The Tin Man walks home
from the market at morning.
Fresh bakery, fruits,
a big bouquet of daisies…
all that his Dorothy loves.

He walks and glistens
in the morning sun. He thinks
about her blue eyes
and her lovely smile. He hugs
the bouquet like her shoulders.

The Story

“Hey, you, hurry up!
Only 3 days in the town
a world-famous coach,
a relationship expert.
Oz, the great and powerful!”

Of course, the Tin Man
sits in the first row and heeds
the words of wisdom
and diligently makes notes
about loving validly.

…such a perfect speech!
Oz hotly touches his chest
and inspiredly speaks
to the breathless audience
where ‘authentic love’ resides.

The Tin Man stands on
the stage among volunteers
and suddenly… “Oh!
No-no-no! You, piece of tin!
Push off, shell of a person!

Grating of gearwheels…
The Tin Man was made heartless,
but sure not brainless.
A real, alive, hot heart
is all that the Tin Man needs!

…at the rear entrance
fans wait for an autograph,
but not the Tin Man.
When you love desperately
the end justifies the means.

The Tin Man walks home
from the market at morning.
Fresh bakery, fruits…
and a hot pulsating heart
in a plain cellophane bag.

He puts the daisies
into her favorite vase
and pictures her joy…
…how she finds on her pillow
this heart oozing with true love.


On the tin life field
memories fade like daisies.
The falling petals…
The Tin Man… Dorothy… Oz…
Hush! Do you hear town criers?

“Hey, you, hurry up!
Only 3 days in the town
a world-famous coach,
a relationship expert.
Stannum, the comprehended Love!”

© All rights reserved 2015

59 thoughts on “Cancanlove

  1. I think Harry is talking about consciousness — our sense of self-hood, the thoughts, feelings, intuitions, memories, and the like, which give us a sense of “self,” of “inner” and “outer.” In fact, the very concept of “real” is a very hard one. What is “real” is a mystery, for whatever is “out there” is something we apprehend in our minds, which is another humongous problem when it comes to “reality.” So, what is “real” is rather subjective, and this “subjective” is also problematic.
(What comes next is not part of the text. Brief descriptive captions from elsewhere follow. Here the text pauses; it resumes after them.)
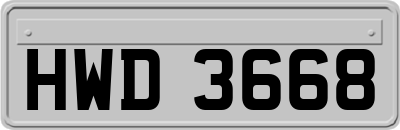 HWD3668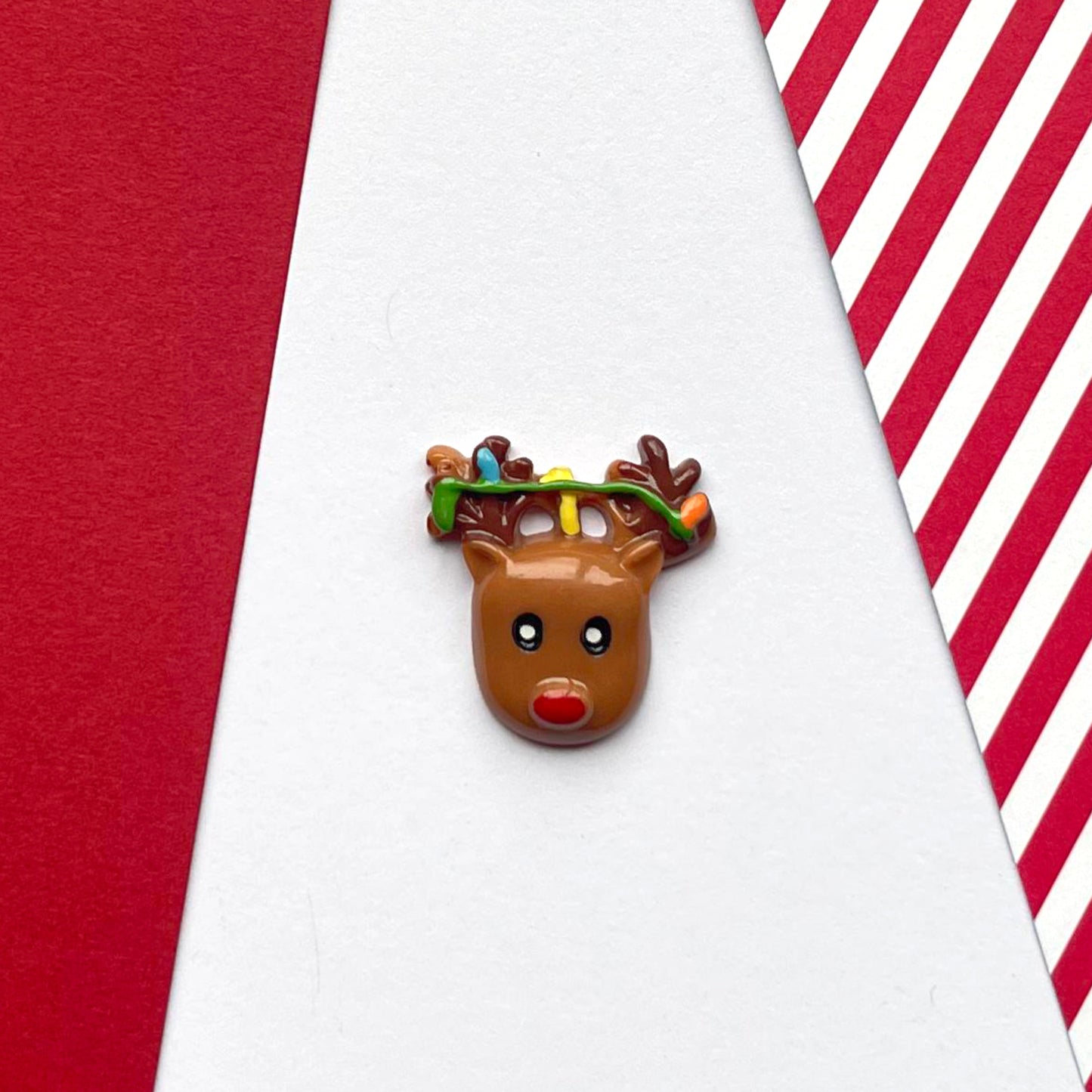 Scrappyroo Embellishments - Reindeer (Style B)
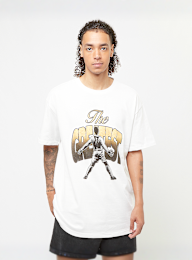 Upscale by Mister Tee, Greatest Heavy Oversize Tee, wit, Afbeelding 1 van 4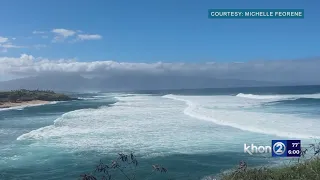 Maui man dead after shark encounter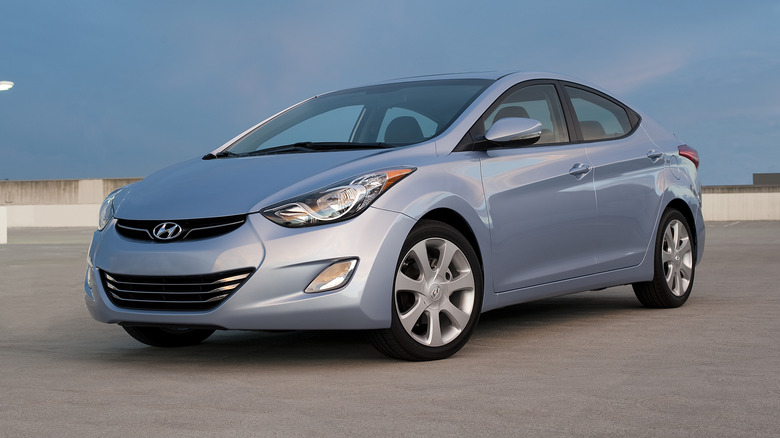 2013 Hyundai Elantra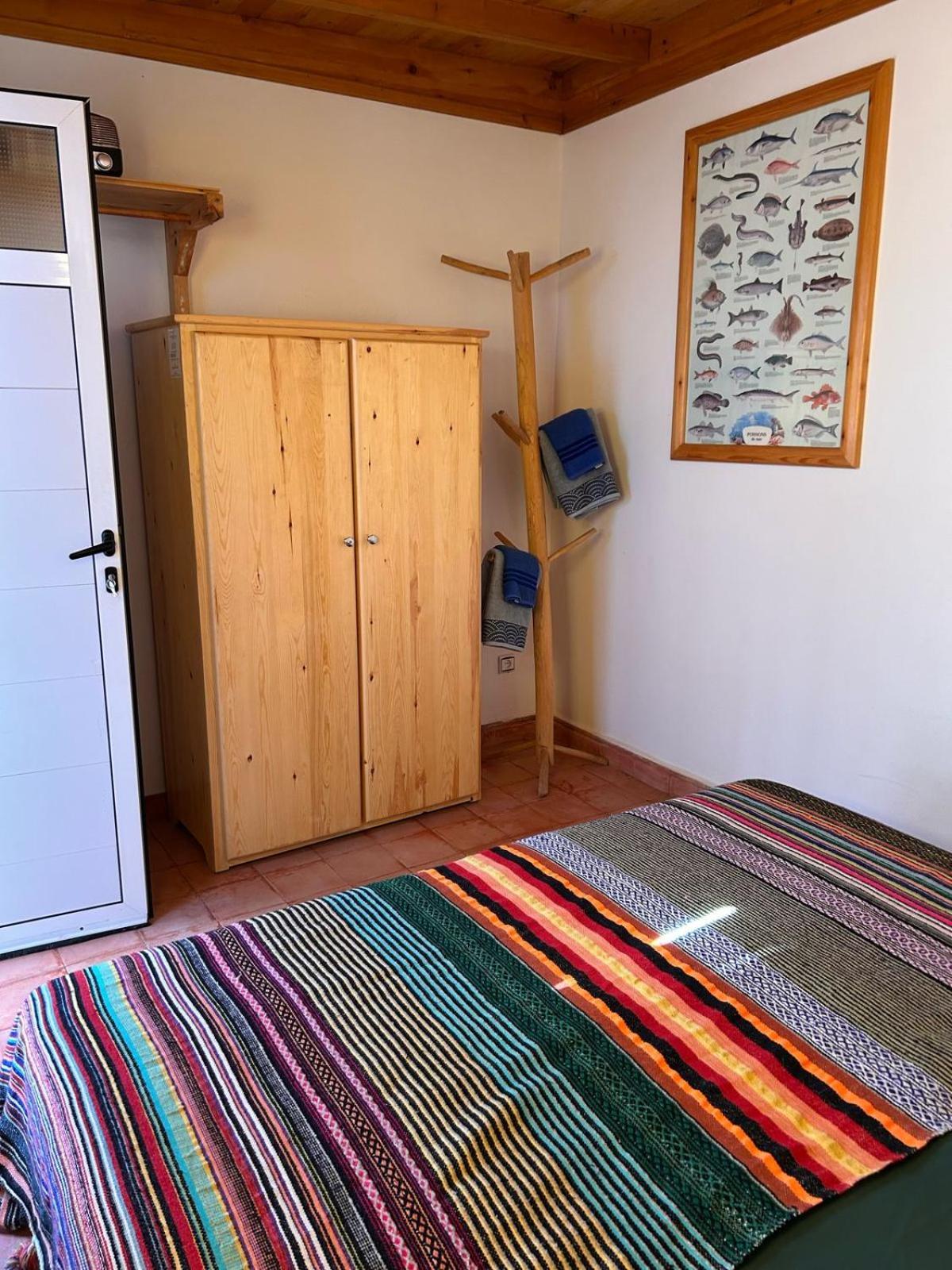 Tigmi Blue - Imsouane Surf Et Ocean Bed & Breakfast Eksteriør bilde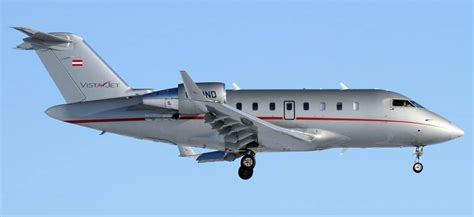 Bombardier Challenger 605 - Price, Specs, Photo Gallery, History - Aero Corner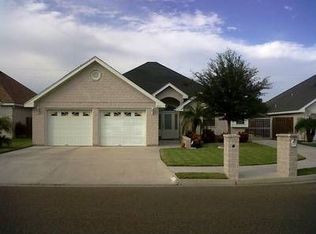 1005 Scarecrow Dr, Pharr, TX 78577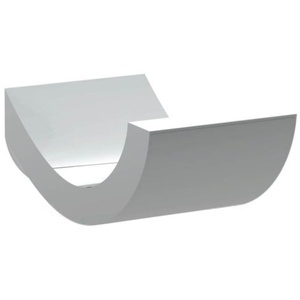 G4710PN Cinu Robe Hook Bathroom Accessory - Polished Nickel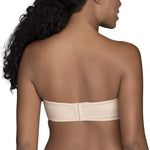 Vanity Fair womens Beauty Back Smoothing Strapless (34b - 44dd) Bra, Rose Beige, 36C US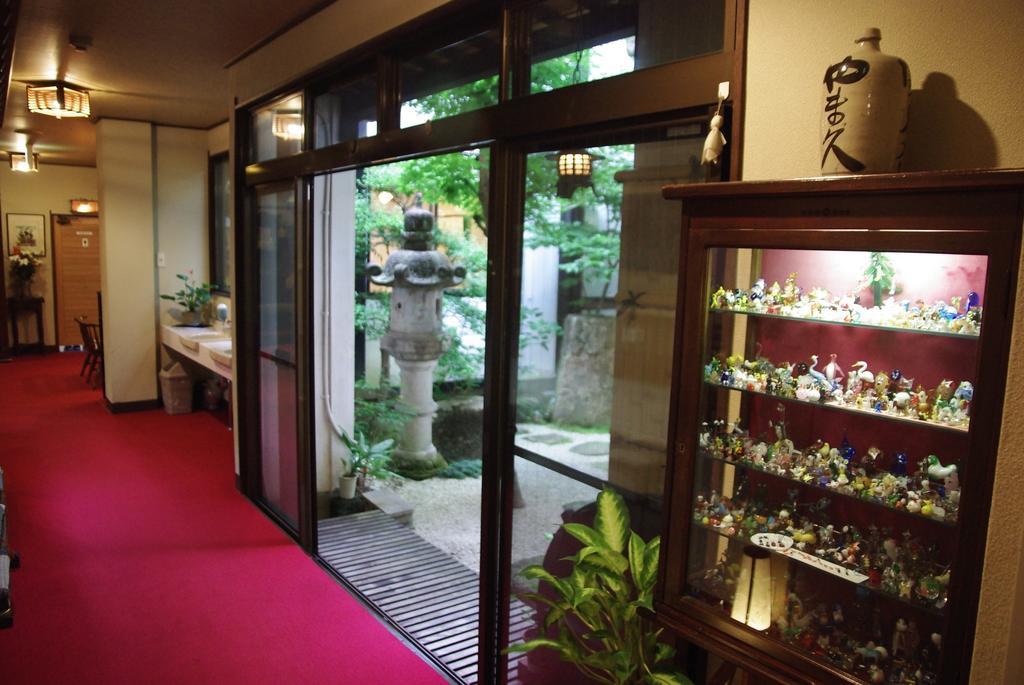 Oyado Yamakyu Otel Takayama  Dış mekan fotoğraf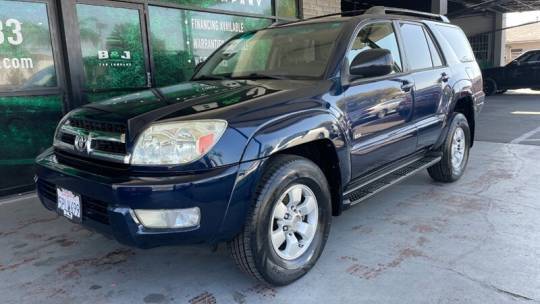 2005 Toyota 4Runner SR5 — SUV — 224,518 mi — Orange, CA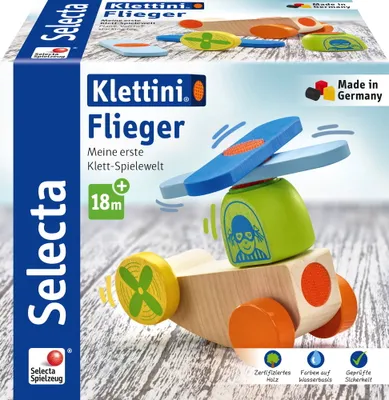 Image de KLETTINI Bateau - Véhicule à velcro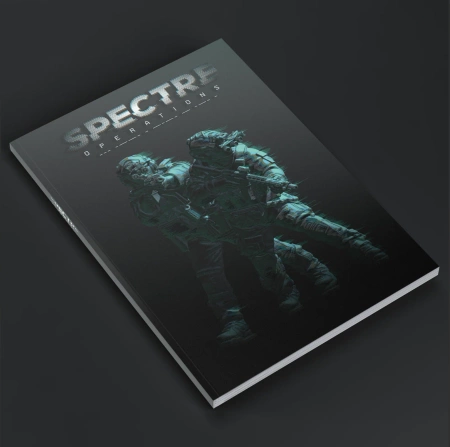 SPECTRE MINIATURES - Spectre: Operations: Revised Edition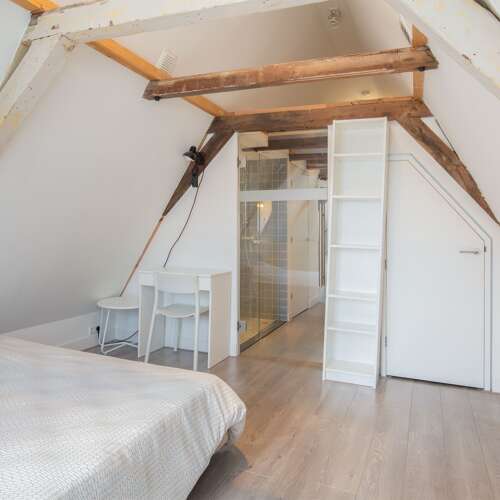 Foto #9 Appartement Warmoesstraat Amsterdam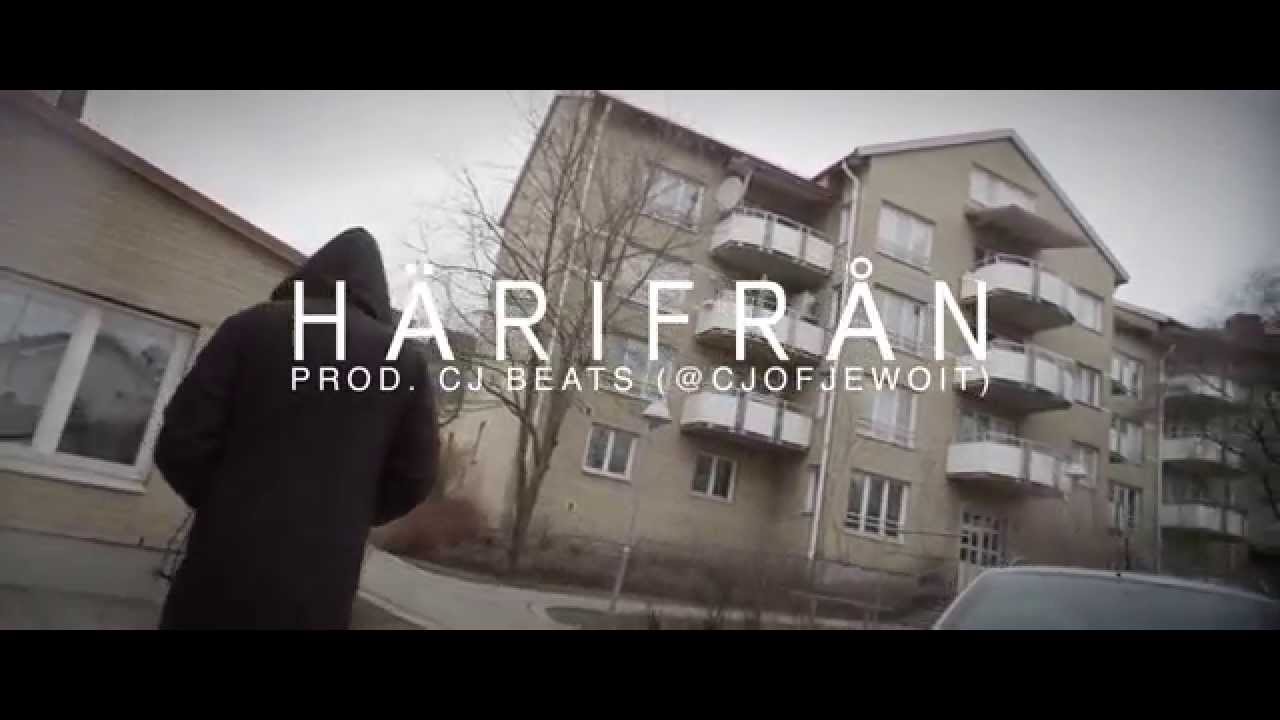Alpis - Härifrån (Stockholm Highgrades, DC Grimsta, SödraSidan, SamBoii, Lokal, Finess, Patryk)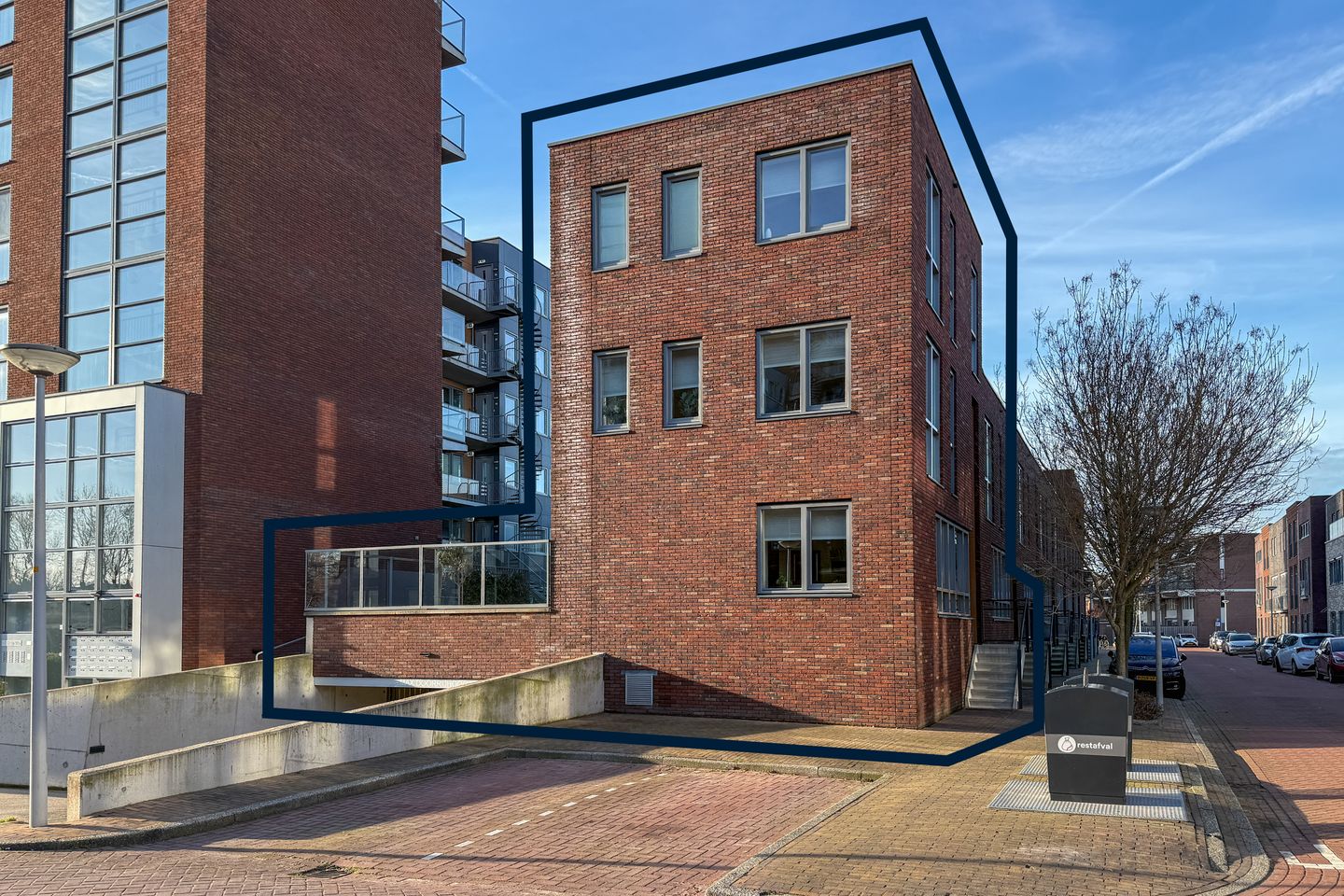 Foto 1 van Scheepsjagerstraat 20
In the end, each has his/her own “reality,” which is compounded of his/her mind setup, background, culture, &c., &c. &c., which also influences his/her perception of the “external reality.”

    Back to Harry’s post, I agree with him that what seems most important for us, sentient, conscious beings, is the “inner” world, whatever happens in our minds and how our minds perceive our own existence and the “outside” world.

    Well, your poem has engendered all this conversation which, I confess myself guilty of, may go haywire.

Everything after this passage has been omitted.